Wait until the test is complete (memory deallocation happens) and check for the logs in the device as root in the /data/simaai/applications/MLPerf/ directory. Generally the test takes 20 to 22 minutes. The summary log should appear as shown below.

davinci:~$ sudo cat /data/simaai/applications/MLPerf/mlperf_log_summary.txt
    ================================================
    MLPerf Results Summary
    ================================================
    SUT name :
    Scenario : Offline
    Mode     : PerformanceOnly
    Samples per second: 3397.96
    Result is : VALID
    Min duration satisfied : Yes
    Min queries satisfied : Yes
    Early stopping satisfied: Yes

    ================================================
    Additional Stats
    ================================================
    Min latency (ns)                : 1529062681
    Max latency (ns)                : 922611782310
    Mean latency (ns)               : 462219336486
    50.00 percentile latency (ns)   : 462310204729
    90.00 percentile latency (ns)   : 830534473673
    95.00 percentile latency (ns)   : 876460296204
    97.00 percentile latency (ns)   : 894974228836
    99.00 percentile latency (ns)   : 913361873441
    99.90 percentile latency (ns)   : 921692414874

    ================================================
    Test Parameters Used
    ================================================
    samples_per_query : 3135000
    target_qps : 4750
    target_latency (ns): 0
    max_async_queries : 1
    min_duration (ms): 600000
    max_duration (ms): 0
    min_query_count : 1
    max_query_count : 0
    qsl_rng_seed : 148687905518835231
    sample_index_rng_seed : 520418551913322573
    schedule_rng_seed : 811580660758947900
    accuracy_log_rng_seed : 0
    accuracy_log_probability : 0
    accuracy_log_sampling_target : 0
    print_timestamps : 0
    performance_issue_unique : 0
    performance_issue_same : 0
    performance_issue_same_index : 0
    performance_sample_count : 50000

    1 warning encountered. See detailed log.

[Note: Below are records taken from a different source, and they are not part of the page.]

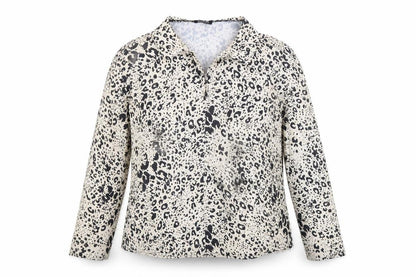Boohoo Womens Beige Geometric Polyester Basic Blouse Size 8 Collared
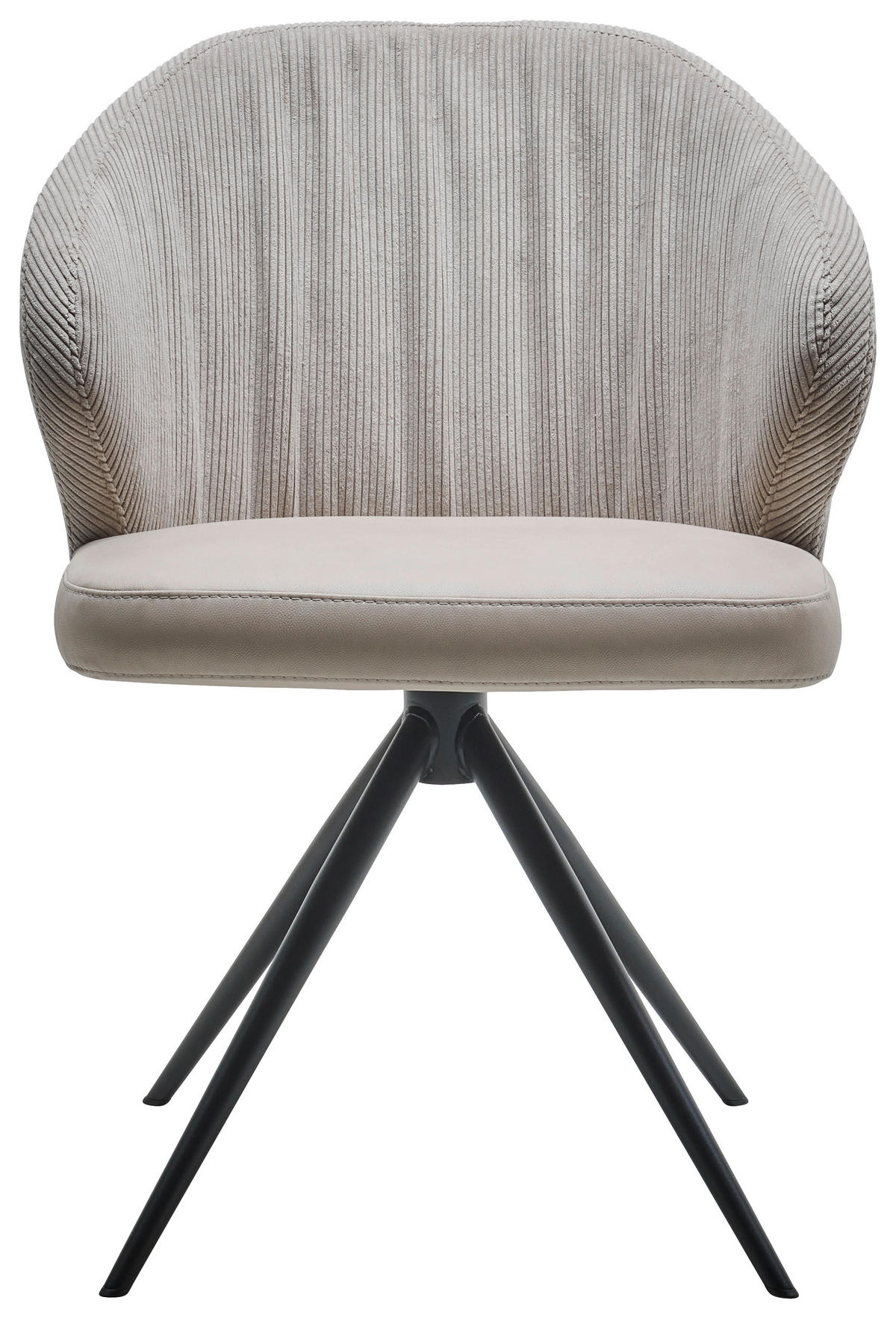 STUHL  in Cord, Lederlook  - Beige/Creme, Design, Textil/Metall (61/84/61cm) - Dieter Knoll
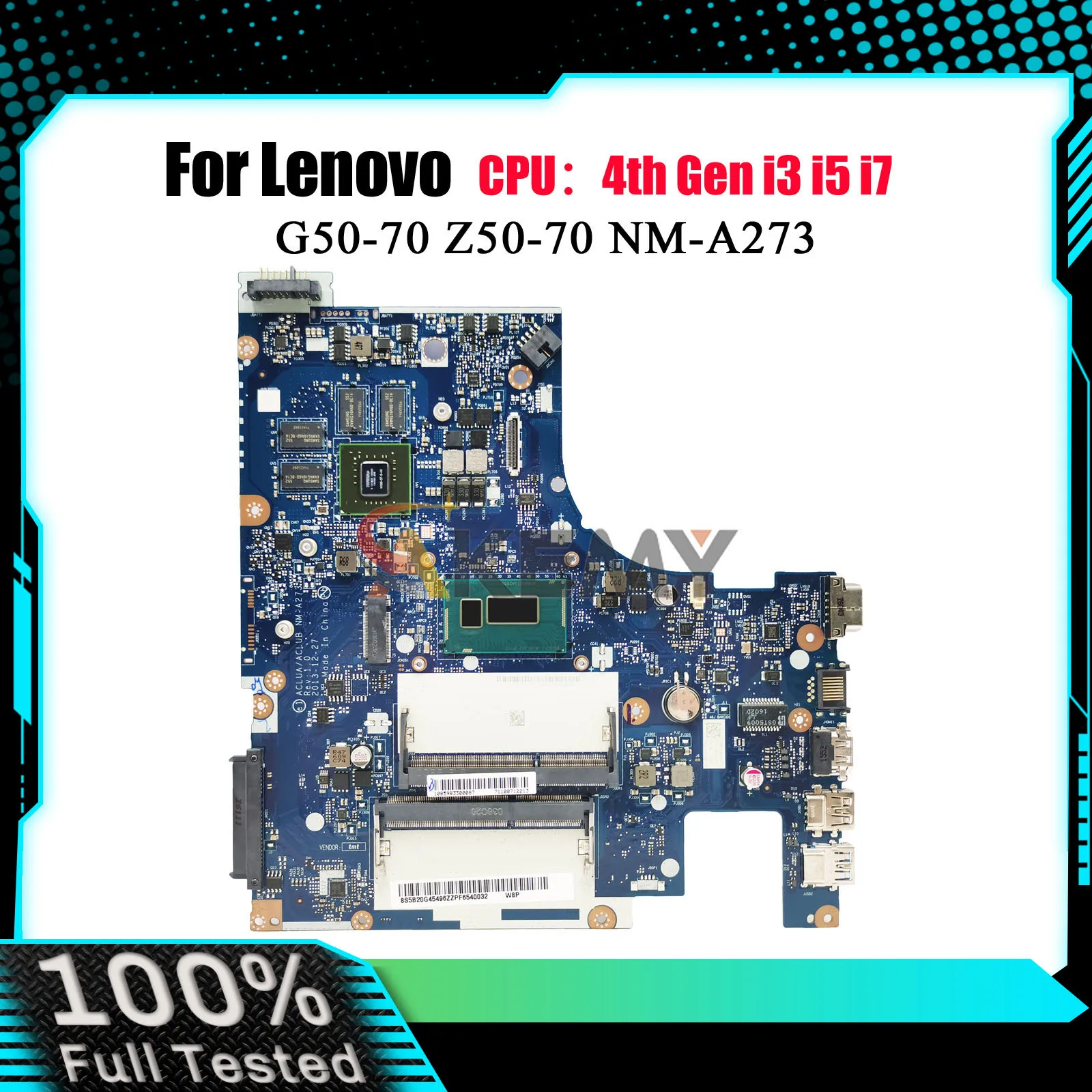 

Материнская плата ноутбука NM-A273 для Lenovo G50-70 Z50-70 с процессором i3 i5 i7 GT820M 840M 2 ГБ 4 ГБ графический процессор 100% полностью протестировано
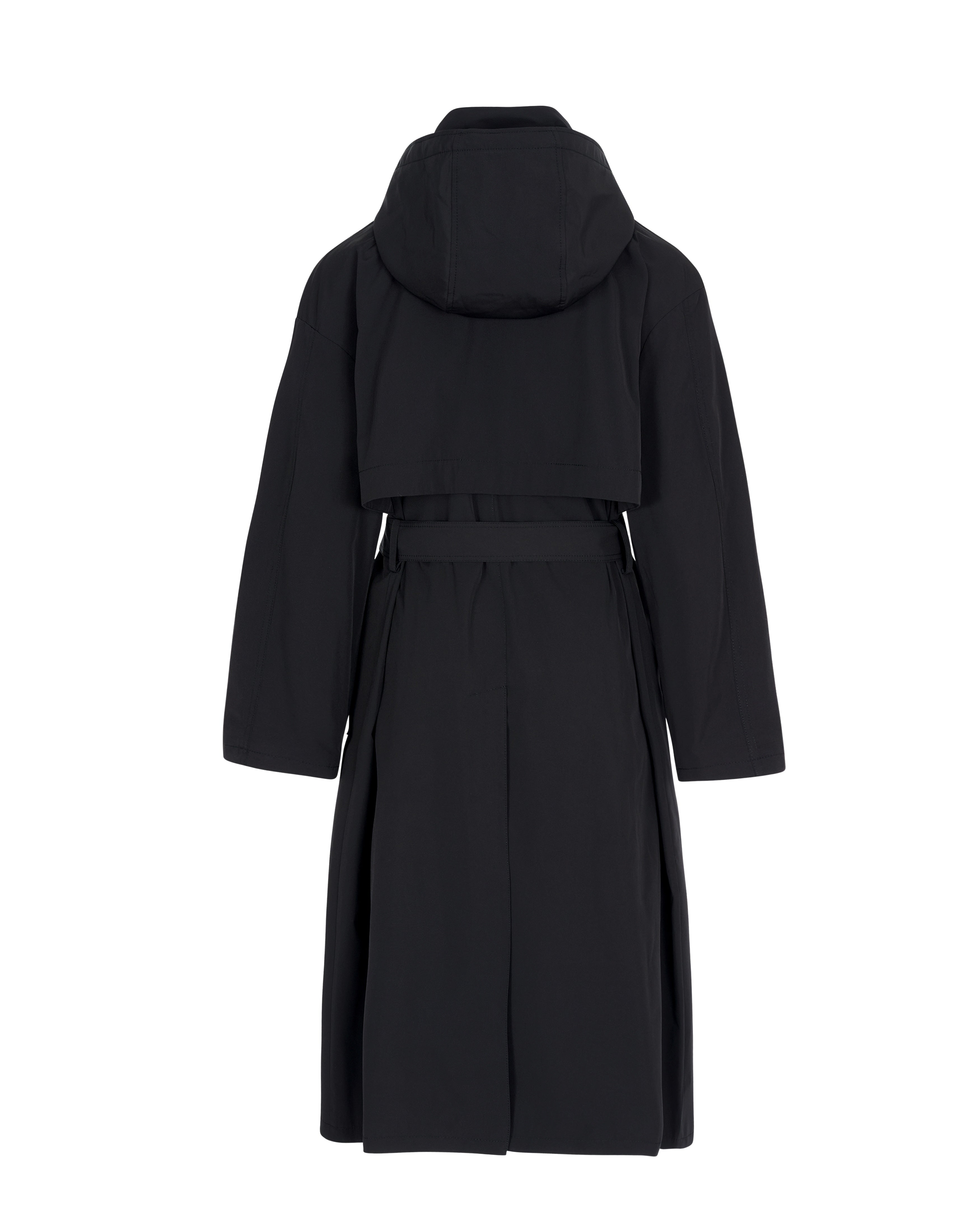 Asymmetrical Belted Trench with Stand Collar - Black – Jane Post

    No errors encountered during test.

Verify the samples per second against the reference value shown here Samples per second: 3397.96.

Batch14 Accuracy Mode Test

Make sure the Batch14 performance mode test has been run before running the Batch14 accuracy mode test.

Make sure to update the gst command in the application.json as shown below.

"gst": "MLA_OCM=max LD_LIBRARY_PATH=\"/data/simaai/applications/MLPerf/lib\" gst-launch-1.0 --gstplugin-path='/data/simaai/applications/MLPerf/lib' fakesrc ! \
ml_filter indims=14:3:224:224 out-dims=14:64 mlperf-run-type=1 mlperf-scenario=2 toy-mode=false inpath=\"/data/mlperf_resnet50_dataset.dat\" \
output-path=\"/data/simaai/applications/MLPerf\" config=\"/data/simaai/applications/MLPerf/etc/bad_sparse_resnet50_v1_b14.config\" \
silent=true ! fakesink"
Parameters values to change:

“In-dims” to 14:3:224:224

“Out-dims” to 14:64

“Mlperf-run-type” to 1

“Mlperf-scenario” to 2

“Inpath” to “/data/mlperf_resnet50_dataset.dat”

“Config” to “/data/simaai/applications/MLPerf/etc/bad_sparse_resnet50_v1_b14.config”

Follow steps “3 through 8” of the “Batch1 Accuracy Mode Test”.